What is somewhat surprising is how quickly and avidly PARC Chair Takaichi Sanae has taken up the banner of a demand for a new Statement.

Takaichi is considered a shoo-in for a significant Cabinet post in the upcoming Cabinet reshuffle (Link). She has a long record of being a loyal retainer to Prime Minister Abe Shinzo (she was the most junior minister of his first Cabinet in 2006-7; she sat next to him during the LDP party meeting where Abe was elected party president in 2012), is a True Conservative (she is always in front and center of the phalanxes of Diet members of the "Let's Visit Yasukuni Together" league on their shrine visits - see above) and a prominent female member of the LDP at a time the PM wants to make a show of appointing women to the Cabinet (Link). Securing a Cabinet post at this point would seemingly require her to sit tight, make no trouble and have the prize drop in her lap.
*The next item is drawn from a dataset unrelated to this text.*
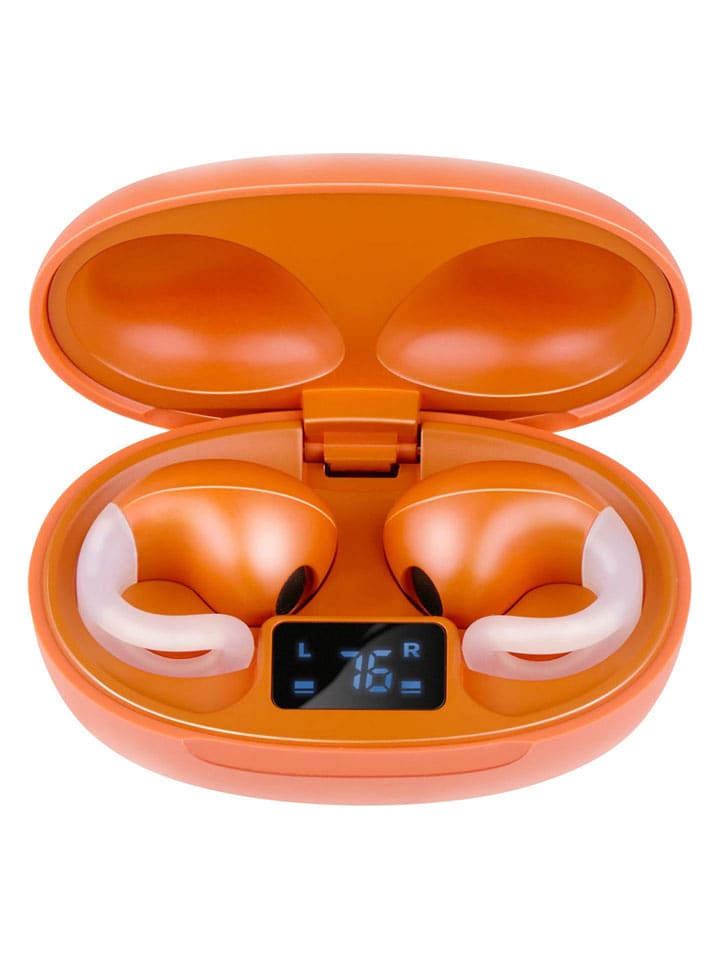 GRUNDIG Słuchawki Bluetooth typu clip-on w kolorze pomarańczowym rozmiar: onesize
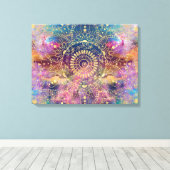 Toile Nebula couleur or Mandala Aquarelle colorée (Insitu (Plancher de Bois))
So why embrace a movement demanding a change in a fundamental building block of Japan's relationship with South Korea at a time when the prime minister and his advisors are trying to bridge the gap between the two countries? One that furthermore puts an onus on Chief Cabinet Secretary Suga to craft a new Statement when he has way too much on his plate already?

If one wanted to mess up a potential Cabinet appointment, making Suga Yoshihide's life difficult would seem a great way to do it.

One explanation for Takaichi's enthusiasm, and the reason I use the "somewhat" above, is that she is probably tone deaf when it comes to what she believes are matters of Japan's dignity. She has her own small group of lawmakers -- the Association of Creativity and Tradition -- that brings together lawmakers who style themselves innovative iconoclasts with a fantabulist, knee-jerk defensiveness about pre-1945 Japan. The cognitive dissonance of the ideals -- believing at once in the value of disruption and the beauty of traditional order, as is reflected in the group's name -- indicates that in matters pertaining to the constructed concept "Japan" Takaichi-san may not be prone to deep thought.

Another possibility for Takaichi's unshaded embrace may come from a gnawing sense of her having achieved very little in her present position. Despite Takaichi being one of the longest-serving PARC chairs, even close watchers of politics would be hard pressed to think of a single, significant initiative she led during her tenure. Policy making under Abe 2.0 has been almost entirely in the hands of the bewildering forest of commissions, councils and private advisors reporting directly to the prime minister. Movement of legislation through the PARC has been largely a pro forma affair. When political observers think of Takaichi at all, it is for her skirmishes with General Council chair Noda Seiko, diminishing the power and value of both of the institutions they have headed.

In forwarding the PARC's request for a new Chief Cabinet Secretary's Statement to Suga, Takaichi can claim at least one signatory achievement during her tenure, one endearing her to radical, unthinking revisionists -- her only constituency within the party.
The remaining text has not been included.